Open slevithan opened 2 weeks ago
Thank you!
One open question I have is whether all enclosing marks are allowed where...
What do you recommend?
Used interpolation to not repeat the byte subpattern.
I had implemented this the same way before, but some bundlers had trouble tree-shaking it and including the regex in every bundle, whether used or not. So I repeated it. Due to compression it is probably also better in terms of bundle size.
One open question I have is whether all enclosing marks are allowed where...
What do you recommend?
I recommend using it as written, with \p{Me}
instead of \u20E3
. It won't create problems and might allow for edge-case emoji I can't think of or future emoji.

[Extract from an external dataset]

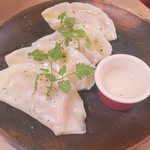 GYOZA SHACK - 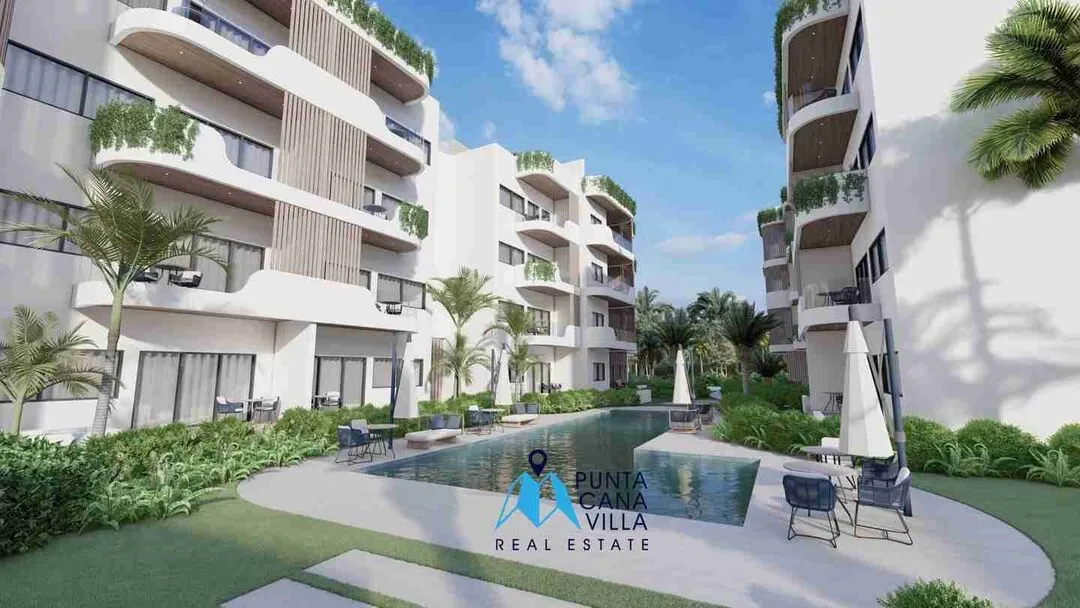 Apart for sale in vistacana View3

But I will follow up with additional investigation.
Used interpolation to not repeat the byte subpattern.
I had implemented this the same way before, but some bundlers had trouble tree-shaking it and including the regex in every bundle, whether used or not. So I repeated it. Due to compression it is probably also better in terms of bundle size.
Fair enough, if bundle size trumps readability. Another solution would be to use the regex
package since its subroutines syntax allows subpattern composition without interpolation. But I'm guessing you won't think the dependency (despite being lightweight) is the right tradeoff since you currently advertise as having no dependencies.
Thanks you for your feedback! It may take some time to finish this PR as other things have a higher priority at the moment.
I've done a lot more research on the emoji regex and published an improved/fixed version as emoji-regex-xs
. I'll update the PR here shortly, and also remove all the use of composition in the regexes since it sounds like you'd prefer to avoid that.
Thank you very much! I will probably review and merge this PR next week.
OK, updated. Passes tests and lint.
In the last-added commit, I updated the comment about RGI_Emoji
, pointing out that it's not a better replacement, even in the future when targeting Node.js 20+. The reasons are discussed in the emoji-regex-xs
readme, but I'll also describe them here.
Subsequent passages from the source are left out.